__AIM OF THE EXERCISE__: Beginning at the top of the entries below, retype each line exactly until the line containing "Dictador EPISODIO I" has been written out; include no pictures and no later lines.

━━━ GIVEN DATA ━━━

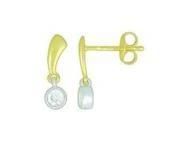 Boucles d'oreilles pendantes or bicolore 9 carats zircon - Réf. MPO27882-01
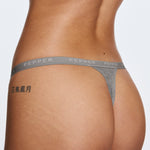 Supima® Cotton String Thong 3 Pack Lilas/Heather Grey/Black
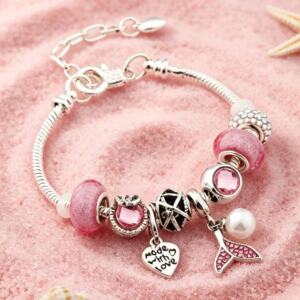 Pink Mermaid Charm Bracelet Crystal Heart Flower Beaded Adjustable Jewelry
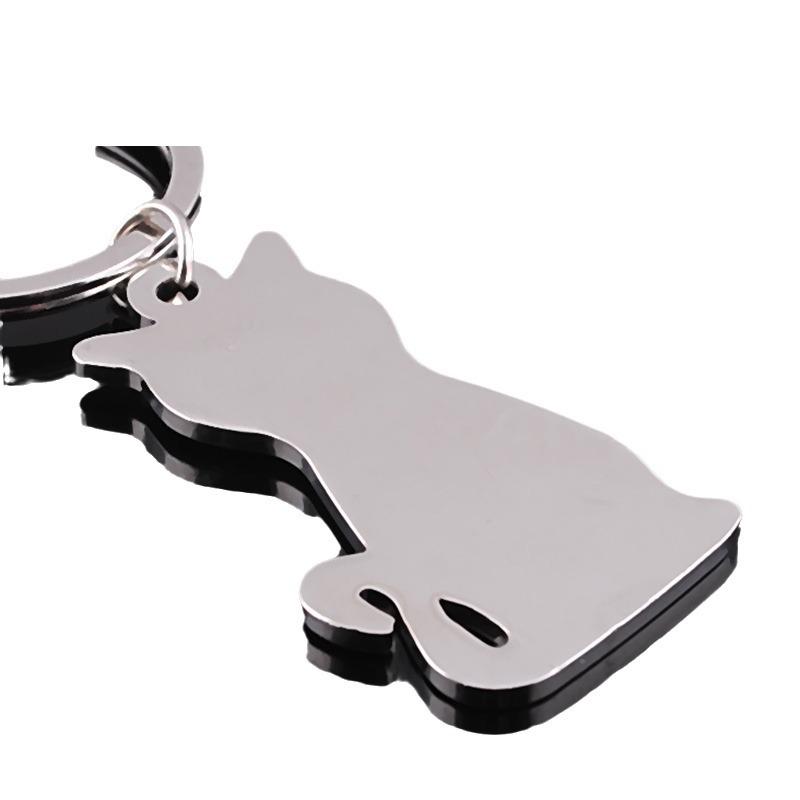Personalized Glossy Cat Keychain - Custom Metal Keyring with Logo, Creative Pet Gift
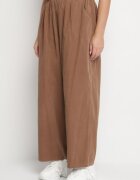 palma Pantaloni Maro Lari din bumbac cu talie înaltă Florili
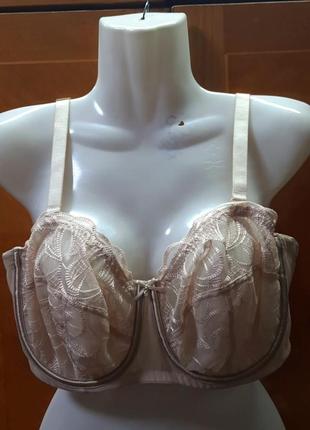 Кружевной красивый бюстгалтер р.34 f 75 g от marks & spencer, косточки, без поролона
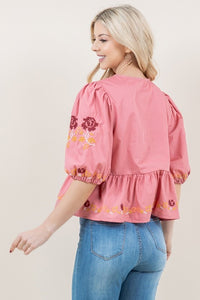 Embroidered Front Tie Top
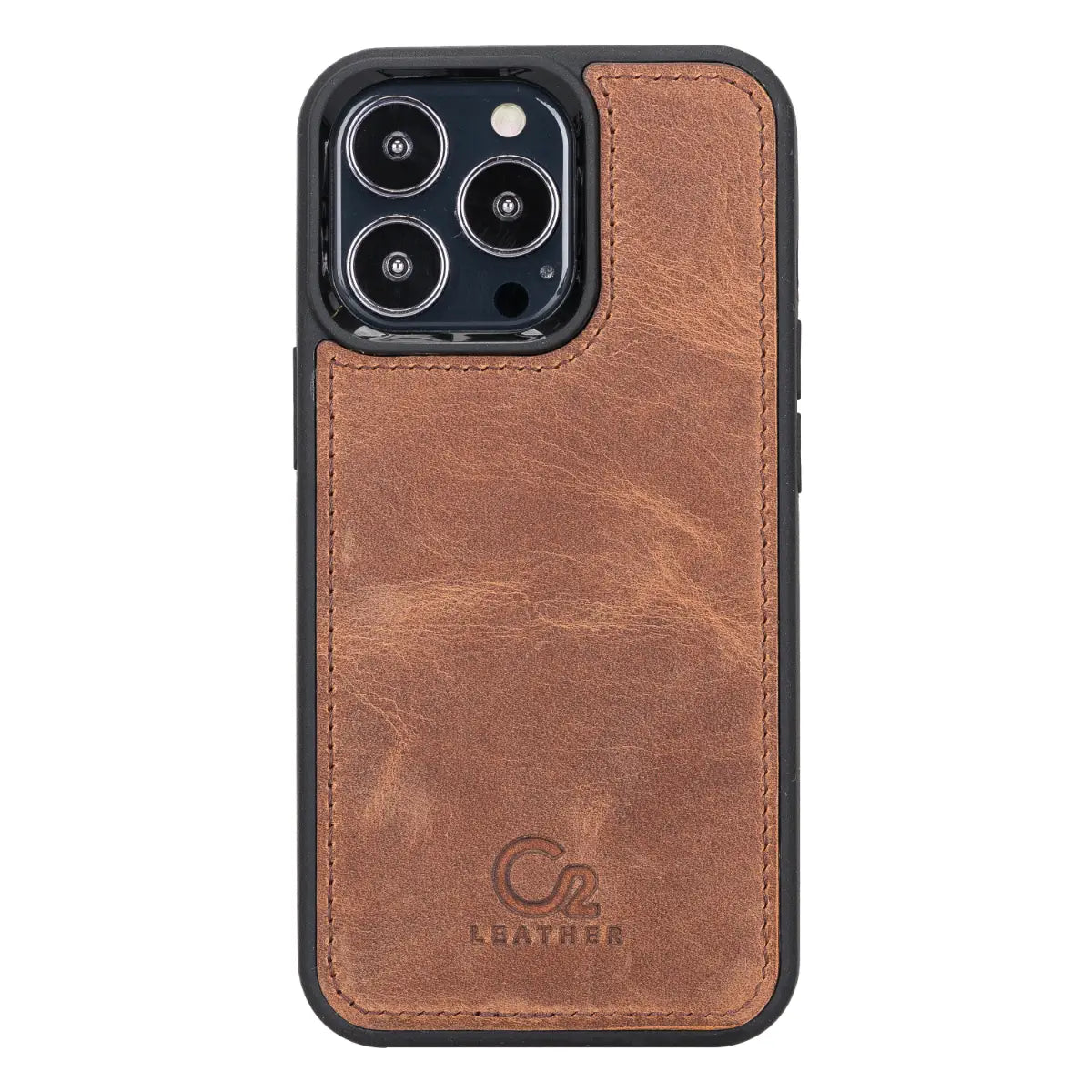 Distressed Brown Leather Magnetic Case for iPhone 13 Pro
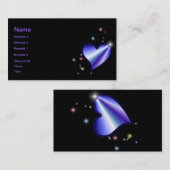 Regenbogen-Herz mit Sternchen auf schwarz 名刺 (正面/裏面)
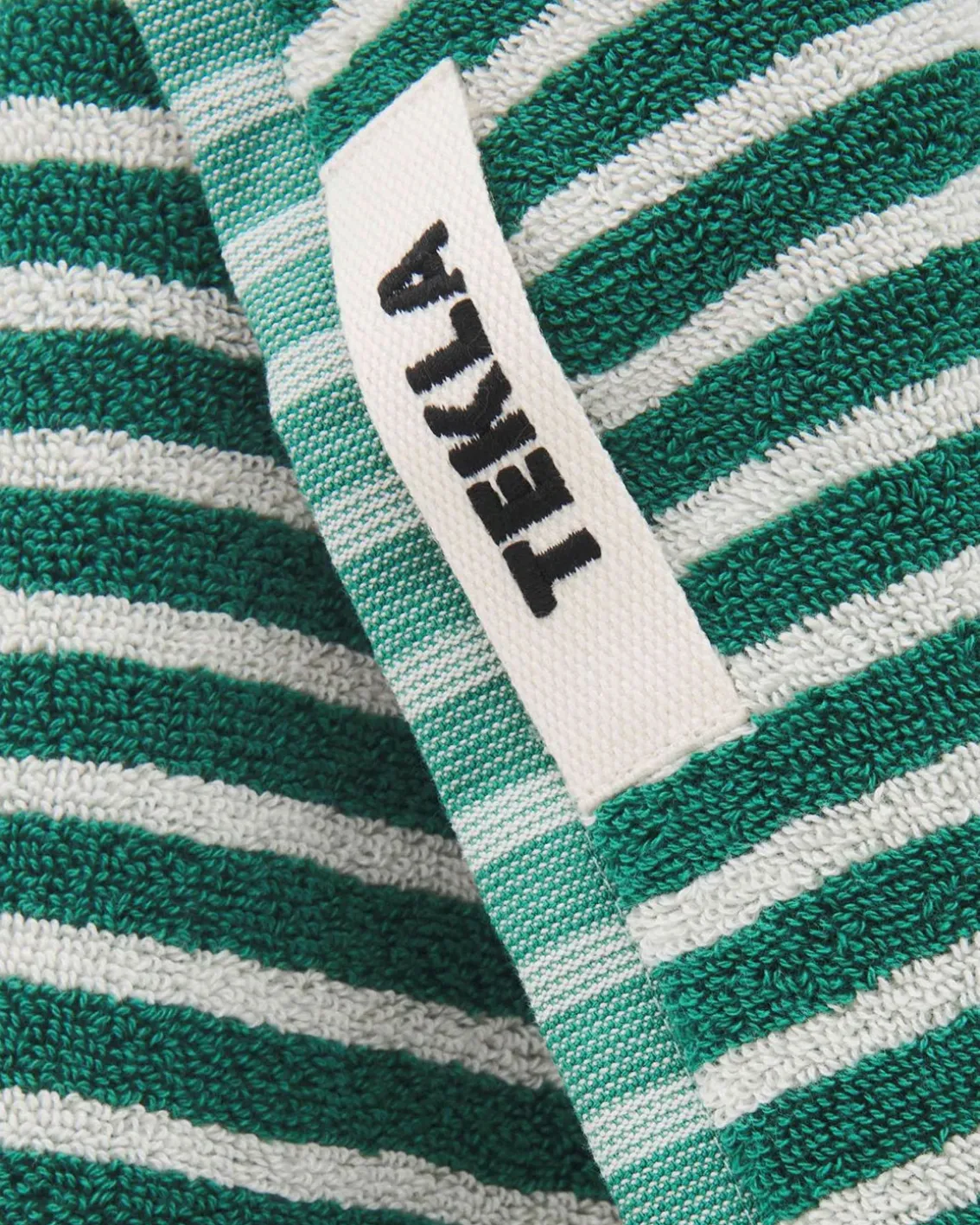 Tekla Terry Towel Teal Green Stripes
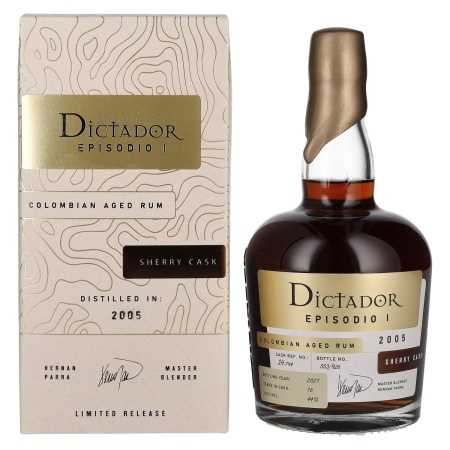 Dictador EPISODIO I 16 Years Old SHERRY CASK Rum 2005 44% Vol. 0,7l in Geschenkbox | Kolumbijas rums | 🌾 Whisky Ambassador | Online Shop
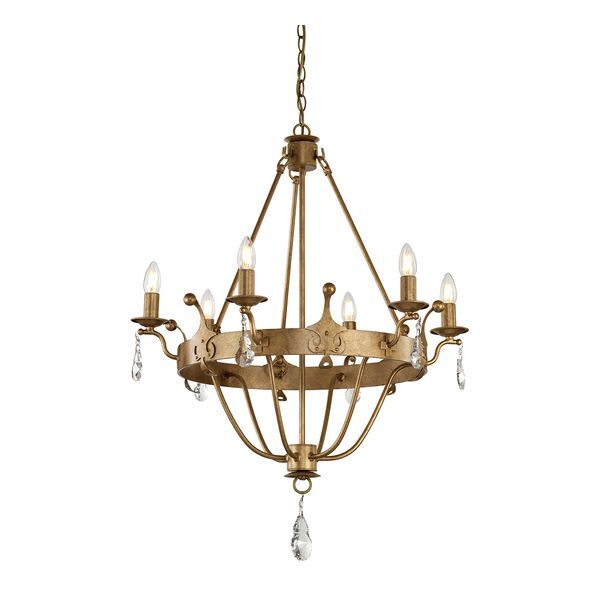 ELSTEAD WINDSOR 6 LIGHT CHANDELIER - GOLD PATINA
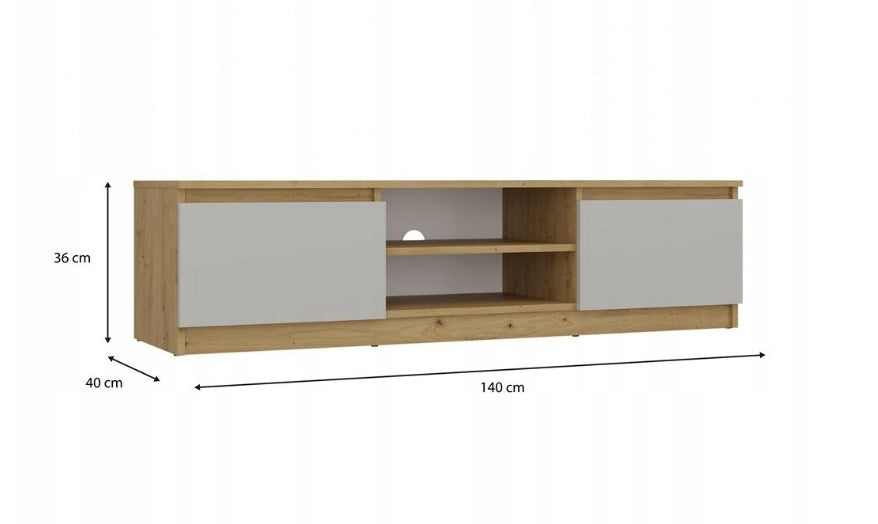 MALWA 140 TV cabinet, artisan oak/cashmere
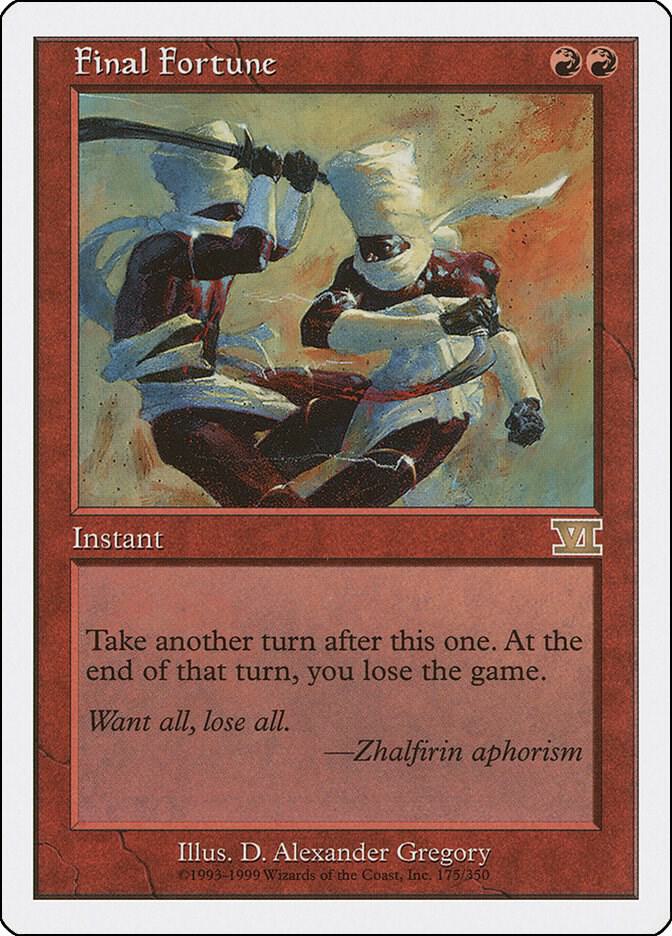 Final Fortune 175 card from Classic Sixth Edition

━━━

__WORKED SOLUTION__:
 Boucles d'oreilles pendantes or bicolore 9 carats zircon - Réf. MPO27882-01
 Supima® Cotton String Thong 3 Pack Lilas/Heather Grey/Black
 Pink Mermaid Charm Bracelet Crystal Heart Flower Beaded Adjustable Jewelry
Personalized Glossy Cat Keychain - Custom Metal Keyring with Logo, Creative Pet Gift
 palma Pantaloni Maro Lari din bumbac cu talie înaltă Florili
 Кружевной красивый бюстгалтер р.34 f 75 g от marks & spencer, косточки, без поролона
 Embroidered Front Tie Top
 Distressed Brown Leather Magnetic Case for iPhone 13 Pro
 Regenbogen-Herz mit Sternchen auf schwarz 名刺 (正面/裏面)
 Tekla Terry Towel Teal Green Stripes
 Dictador EPISODIO I 16 Years Old SHERRY CASK Rum 2005 44% Vol. 0,7l in Geschenkbox | Kolumbijas rums | 🌾 Whisky Ambassador | Online Shop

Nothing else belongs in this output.